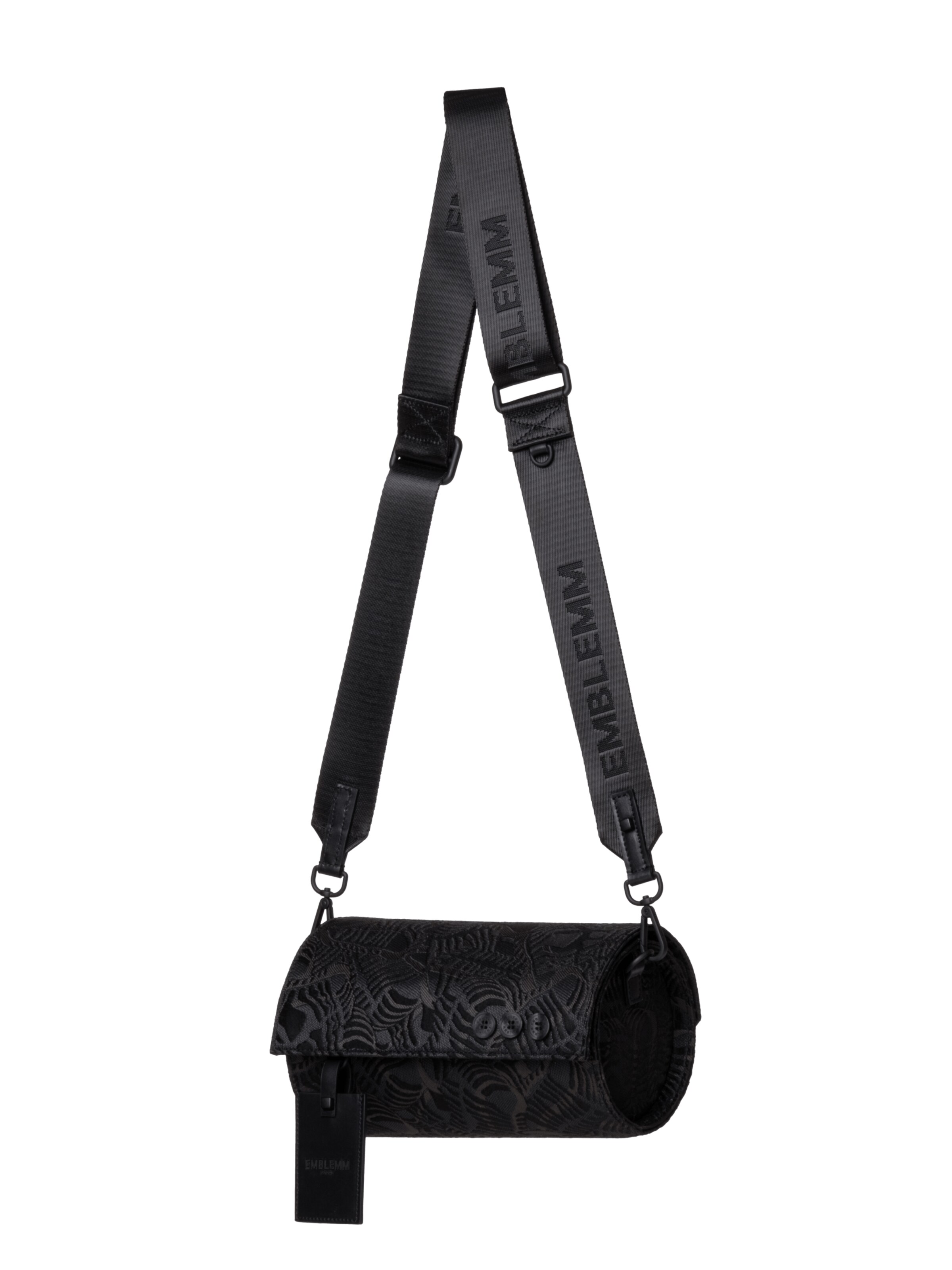 EMBLEMM Schoudertas 'Up My Sleeve' in Zwart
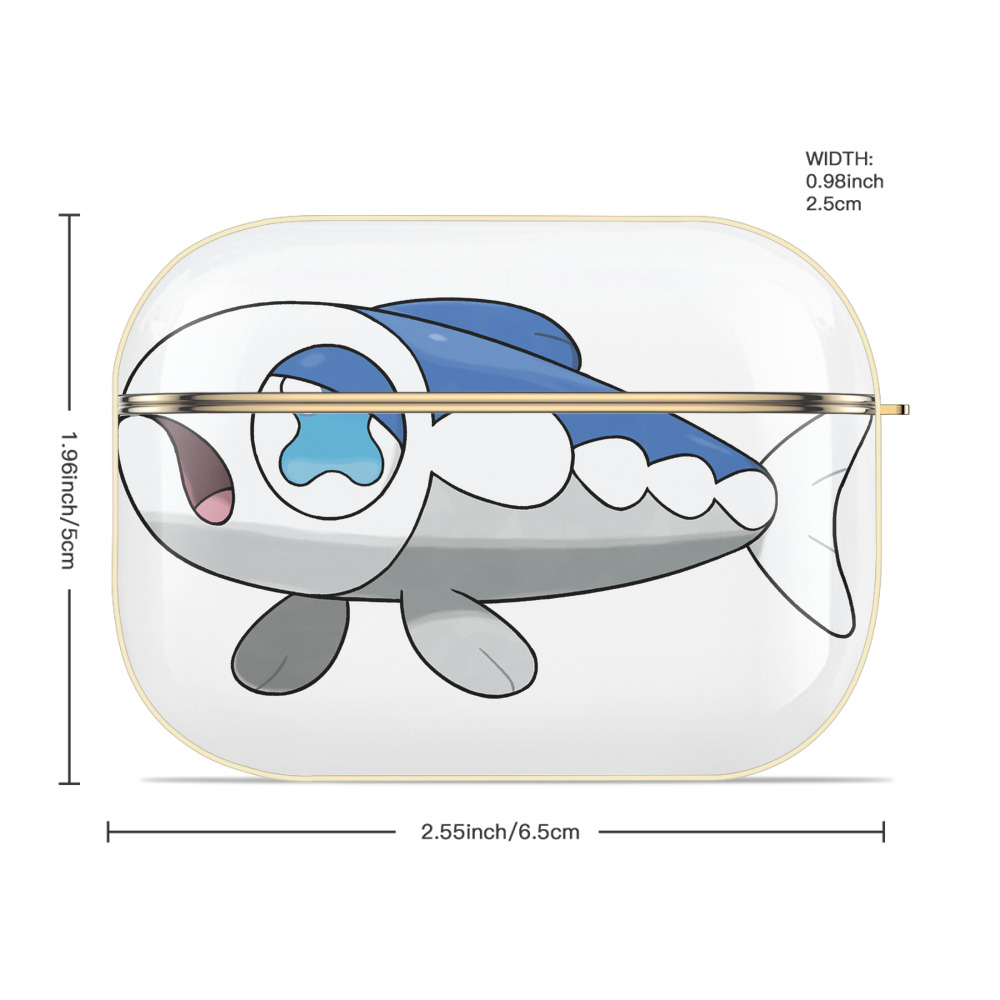 ポケットモンスター Pokémon 【AirPods Pro用】ハードシェル保護ケース｜耐衝撃・防指紋・カラビナ付き商品仕様
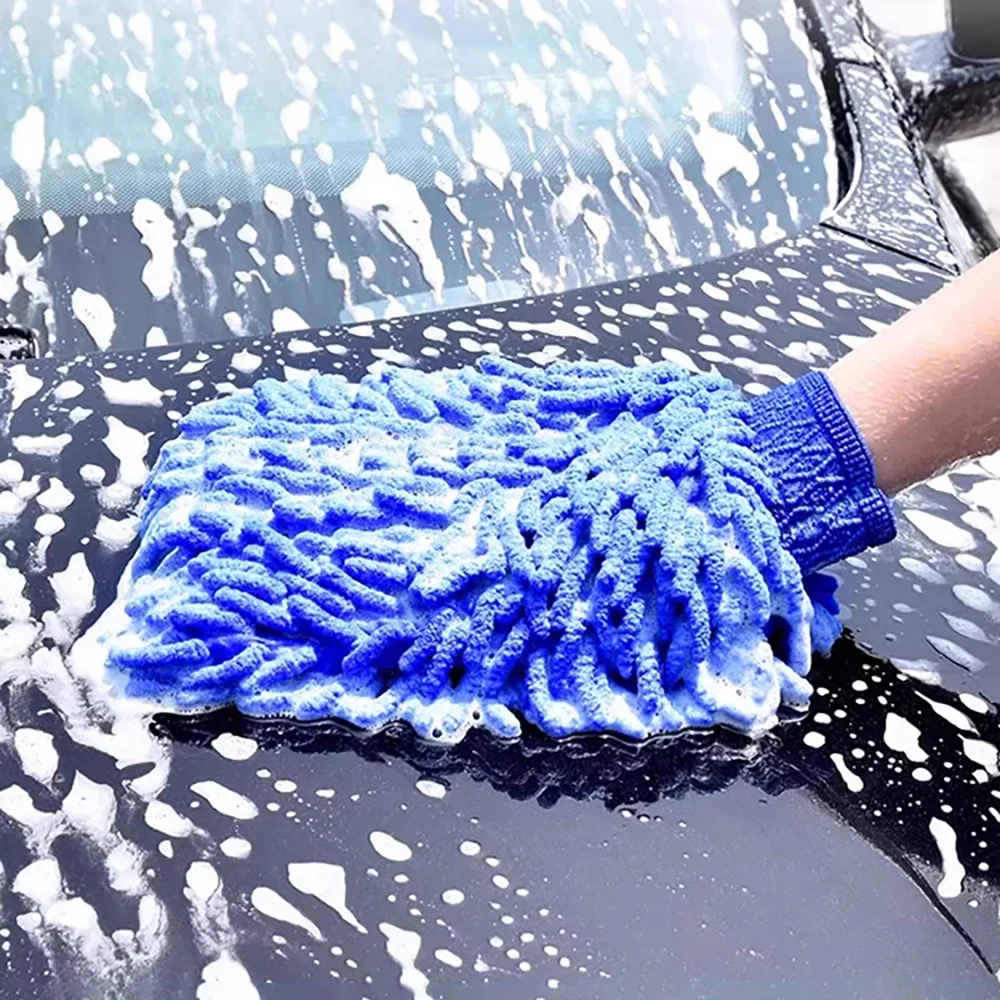1/2Pc 마이크로 화이버 세차 장갑 셔닐 카 미트 청 - Car Detailing Brush 리뷰 및 가격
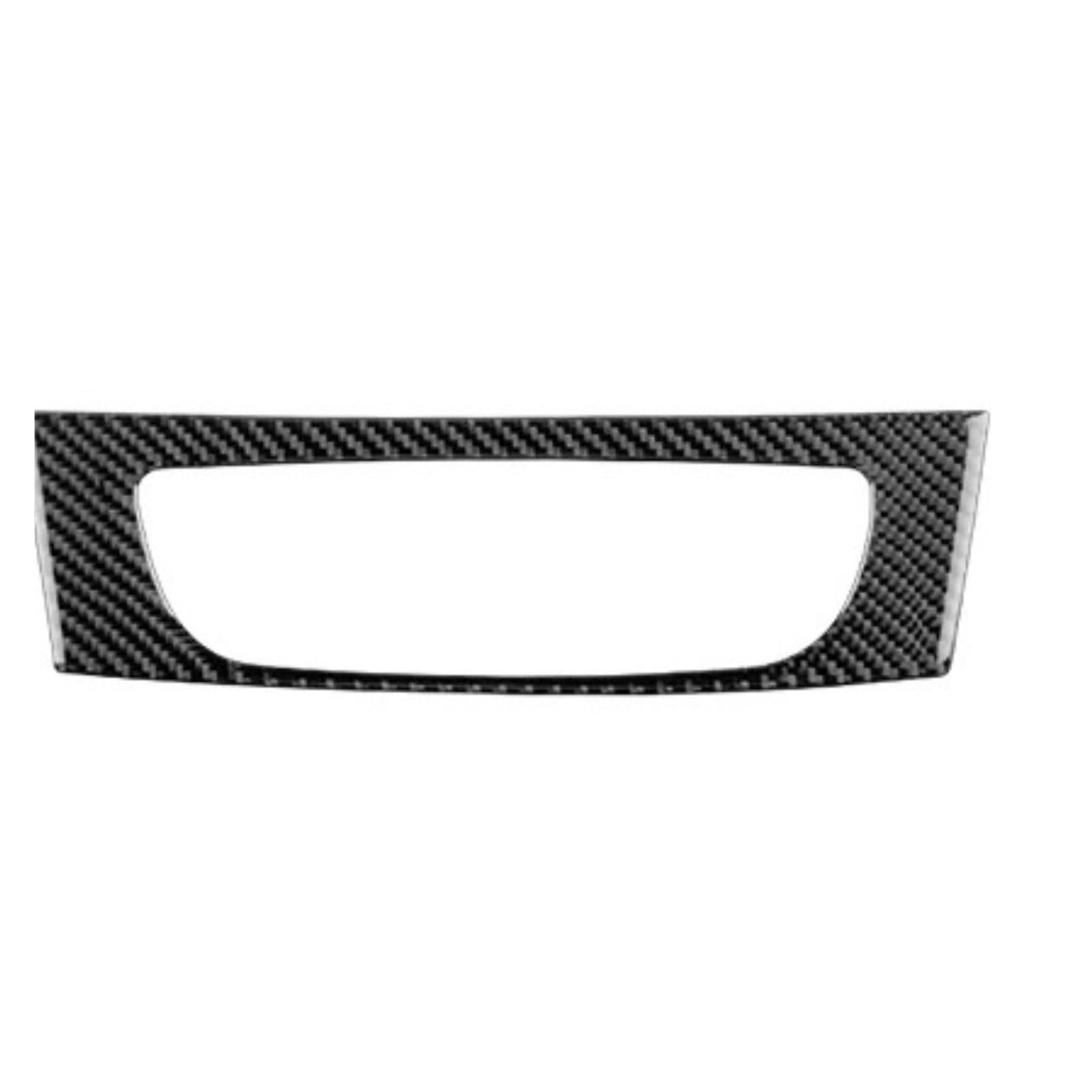Car Interior Sticker Carbon Fiber Sticker for Fluence for Megane 3 RS 2009-2015 LHD RHD Car Central Control CD(Black)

Task item.
Without altering anything, output all the lines above but none of the images.

Answer space.
 EMBLEMM Schoudertas 'Up My Sleeve' in Zwart
 ポケットモンスター Pokémon 【AirPods Pro用】ハードシェル保護ケース｜耐衝撃・防指紋・カラビナ付き商品仕様
1/2Pc 마이크로 화이버 세차 장갑 셔닐 카 미트 청 - Car Detailing Brush 리뷰 및 가격
Car Interior Sticker Carbon Fiber Sticker for Fluence for Megane 3 RS 2009-2015 LHD RHD Car Central Control CD(Black)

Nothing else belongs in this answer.